**What to work on**
Go to the line with "アカウントの選択画面が表示さ" in the entries below and write out every line from there through the line with "ダイナム三木店 駐車場の駐車場写真", exactly and without pictures.
Material provided below:
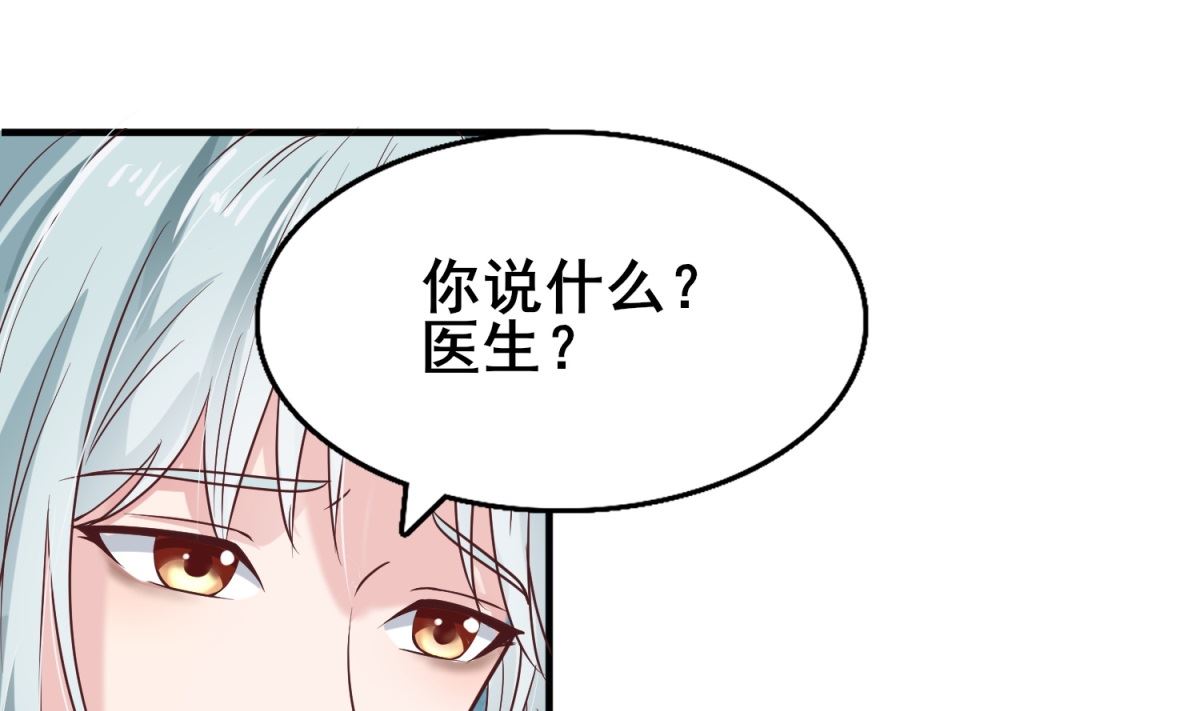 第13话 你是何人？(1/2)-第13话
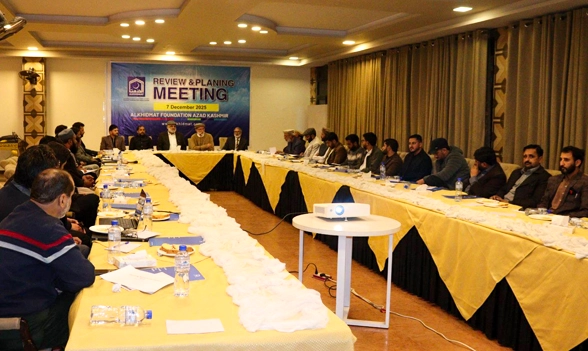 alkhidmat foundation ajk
End of Material provided.
Material provided below:
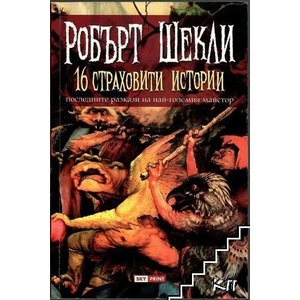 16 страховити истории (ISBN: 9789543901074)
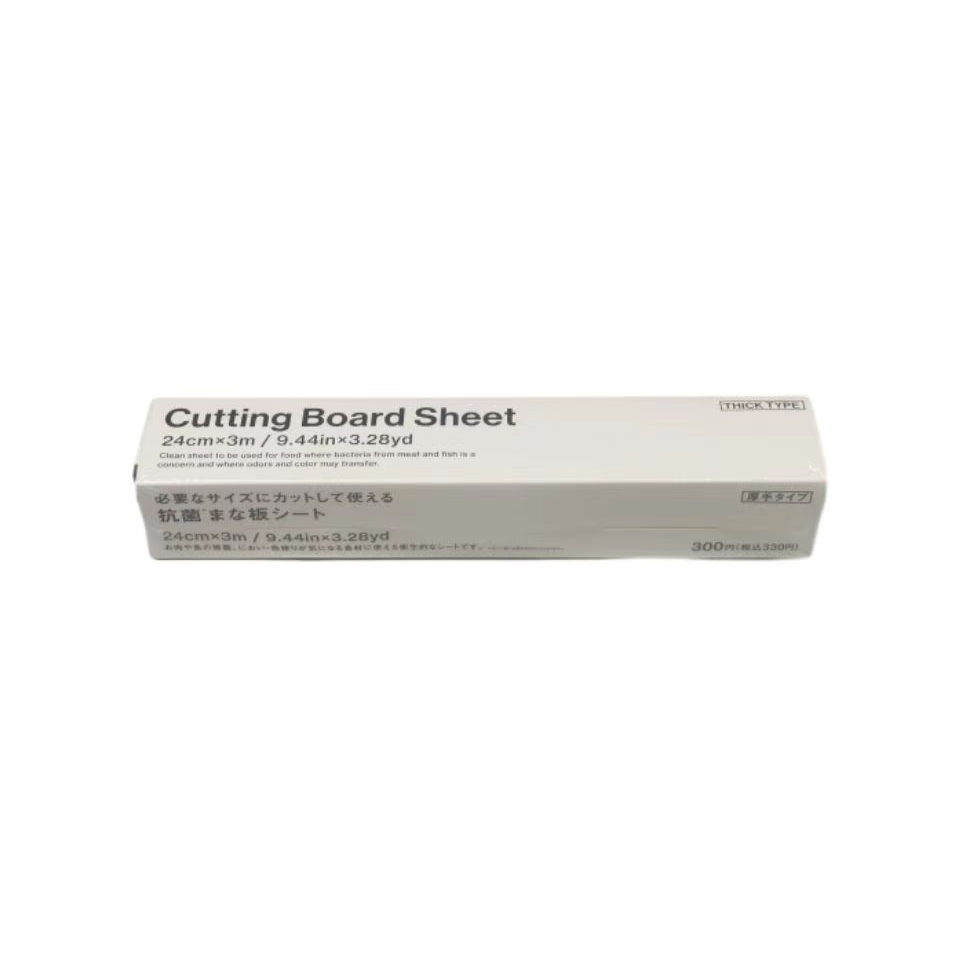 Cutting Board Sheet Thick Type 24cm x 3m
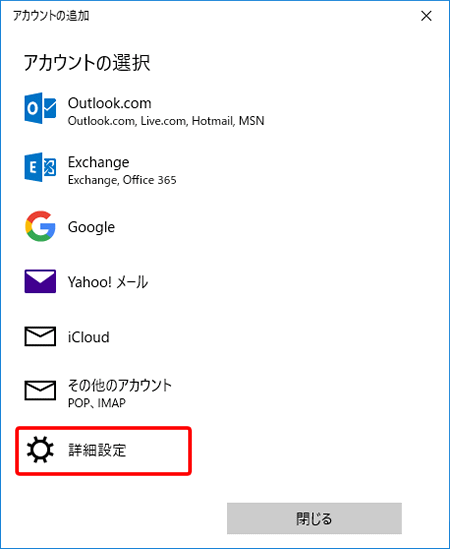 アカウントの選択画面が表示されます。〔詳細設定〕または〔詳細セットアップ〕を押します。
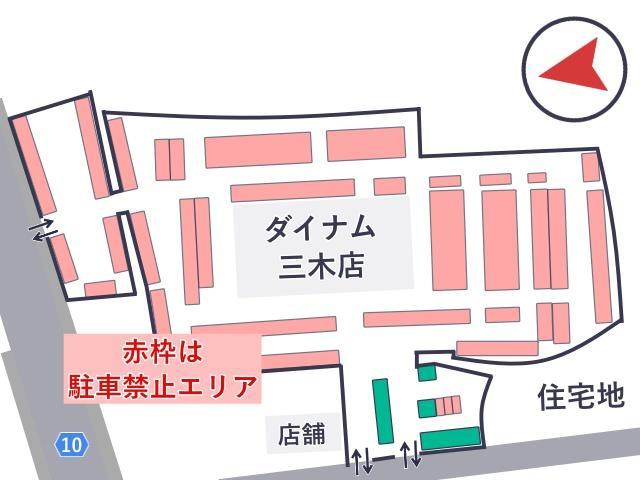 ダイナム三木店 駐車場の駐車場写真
End of Material provided.
**Answer**
 アカウントの選択画面が表示されます。〔詳細設定〕または〔詳細セットアップ〕を押します。
 ダイナム三木店 駐車場の駐車場写真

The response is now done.